* REQUIREMENT *
Set down the records once more, please, exactly and with the pictures left out.

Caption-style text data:
--------------------------------

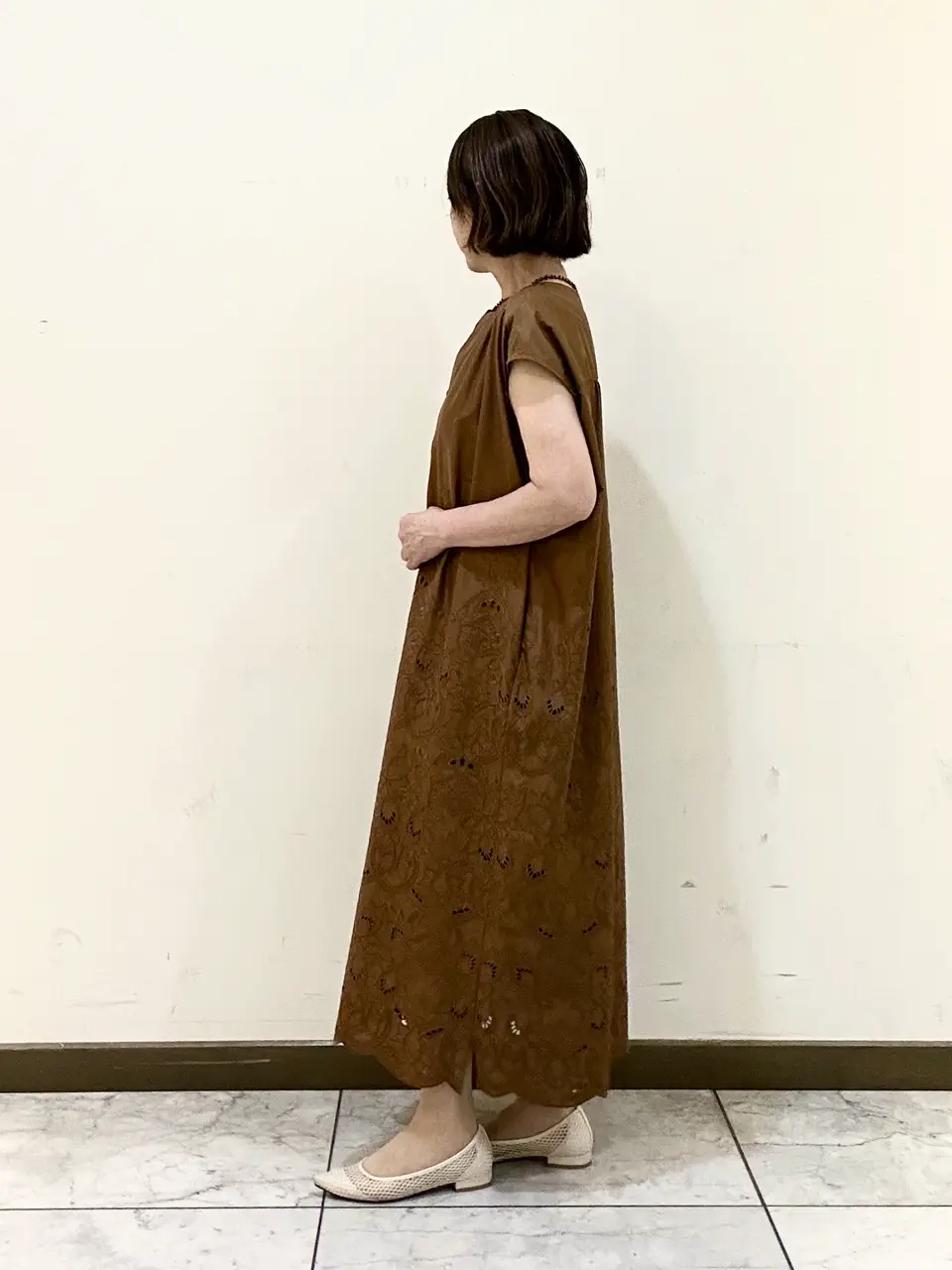 ONWARD CROSSET SELECT 江川 コーディネート画像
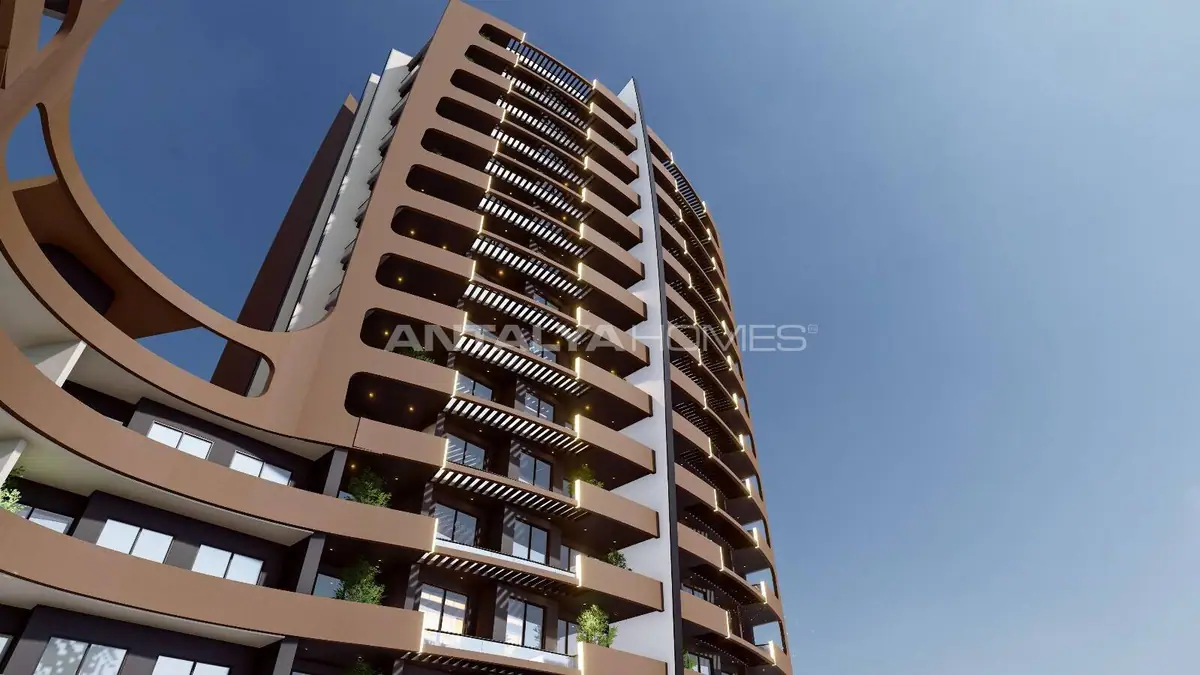 Apartment in Mersin - 9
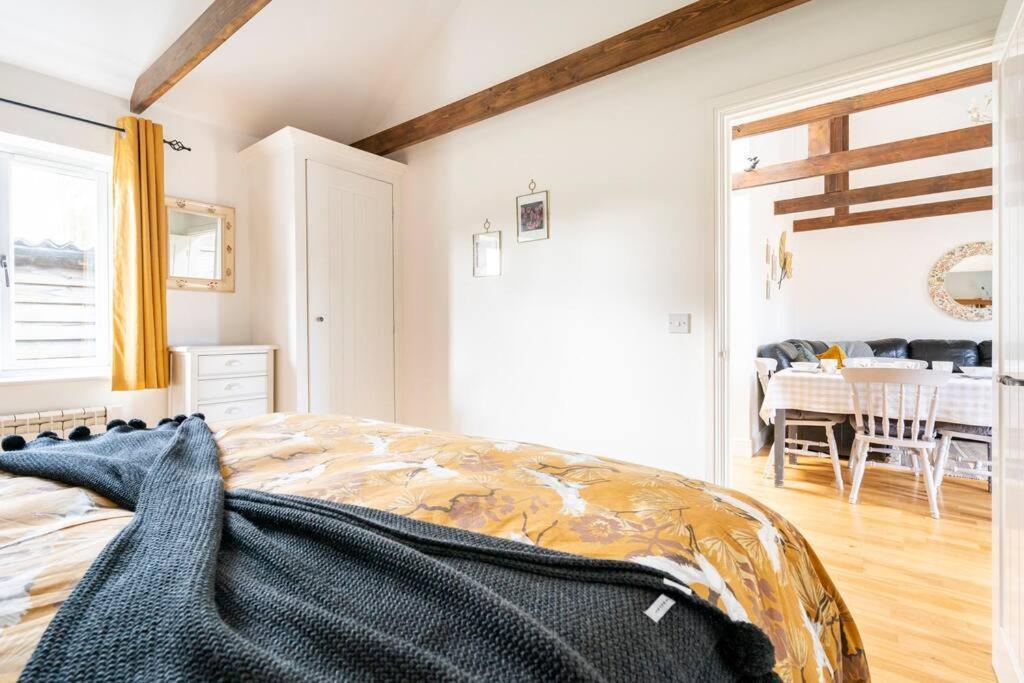 Willow Cottage In Idyllic Location Harrietsham Екстер'єр фото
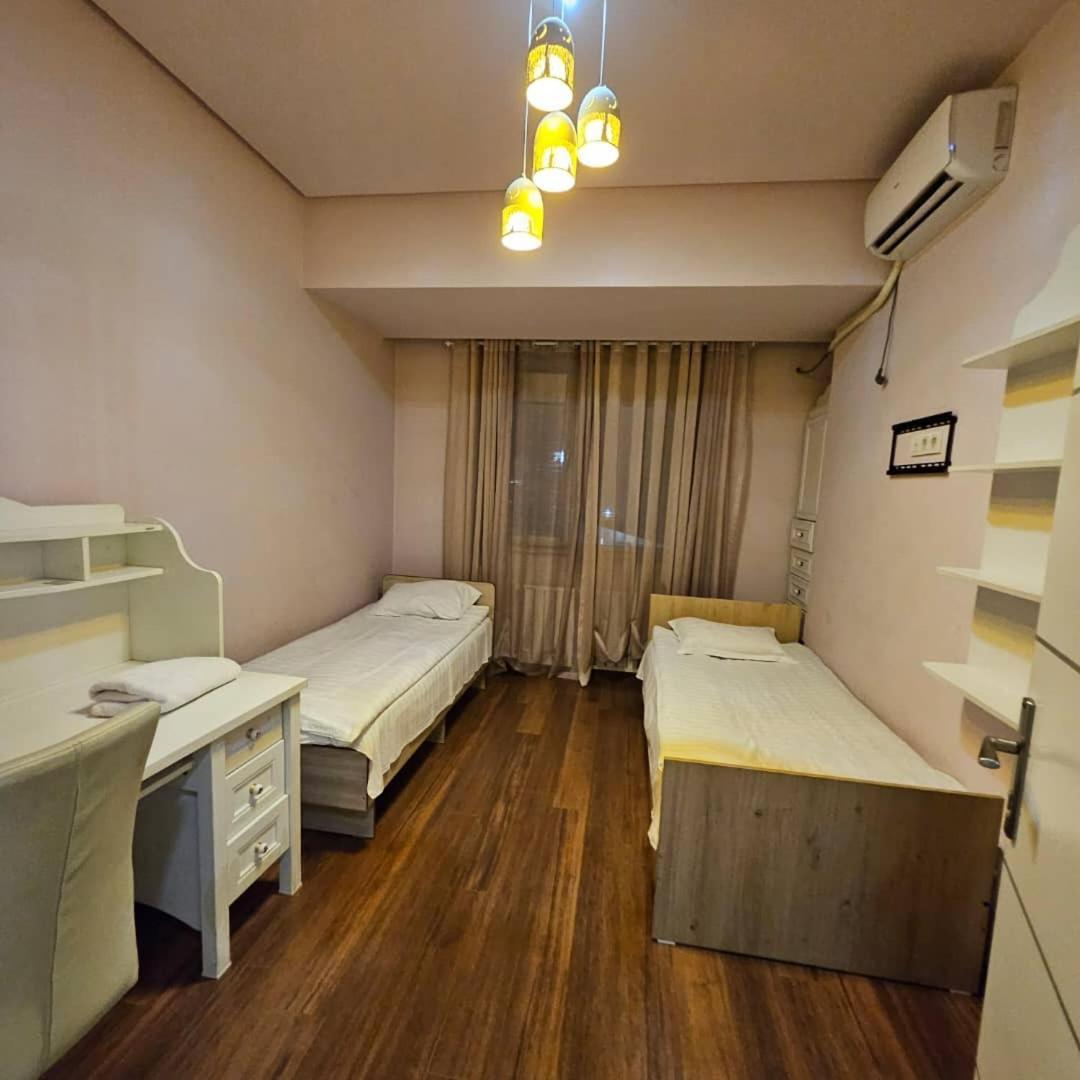 Bishkek Park Residence Екстериор снимка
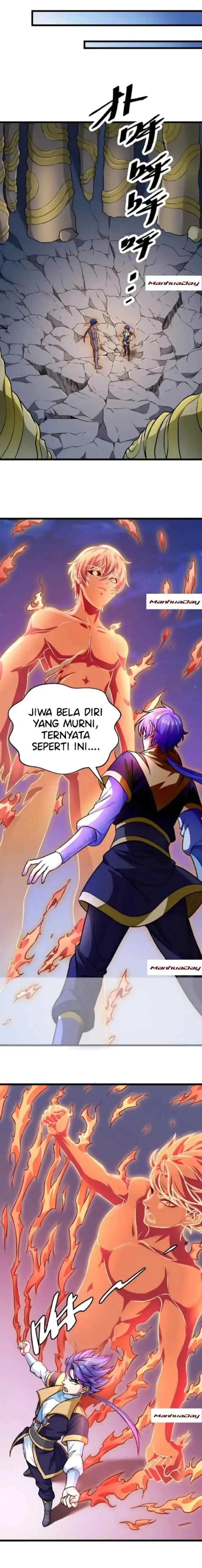 Martial Arts Reigns chapter 589 halaman 13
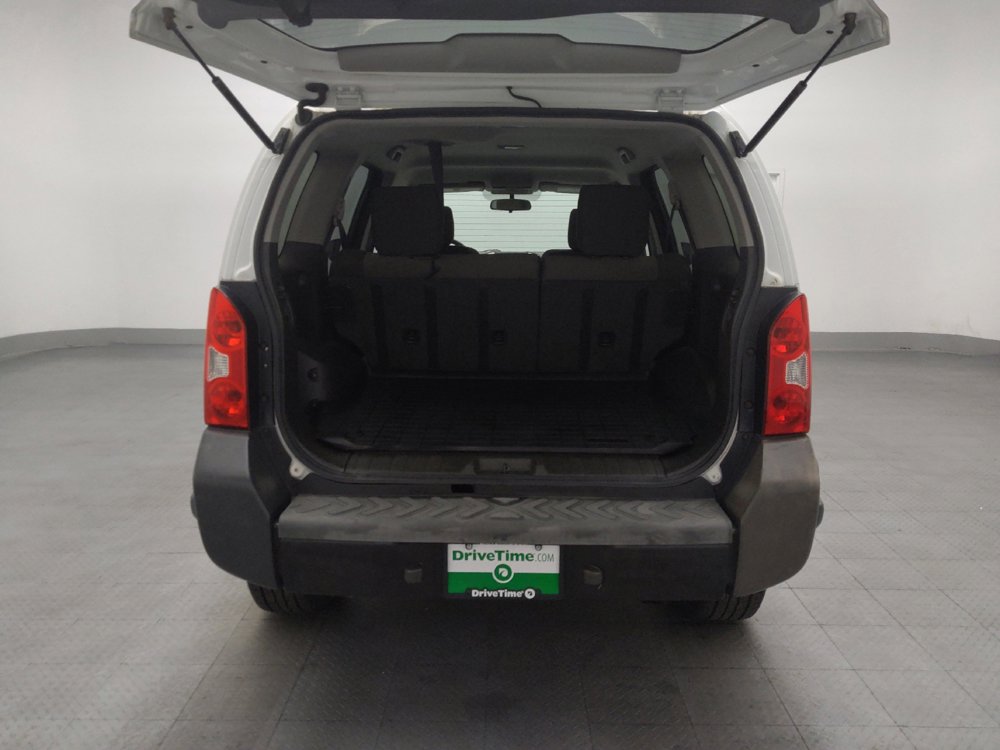 Used 2014 Nissan Xterra X AWD/4WD image 29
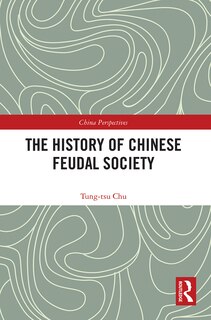 Front cover_The History of Chinese Feudal Society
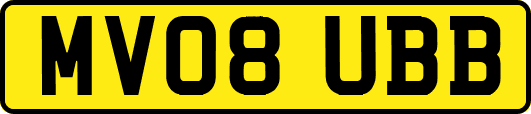 MV08UBB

--------------------------------

* RESULT OF THIS TASK *
 ONWARD CROSSET SELECT 江川 コーディネート画像
 Apartment in Mersin - 9
 Willow Cottage In Idyllic Location Harrietsham Екстер'єр фото
 Bishkek Park Residence Екстериор снимка
 Martial Arts Reigns chapter 589 halaman 13
 Used 2014 Nissan Xterra X AWD/4WD image 29
 Front cover_The History of Chinese Feudal Society
 MV08UBB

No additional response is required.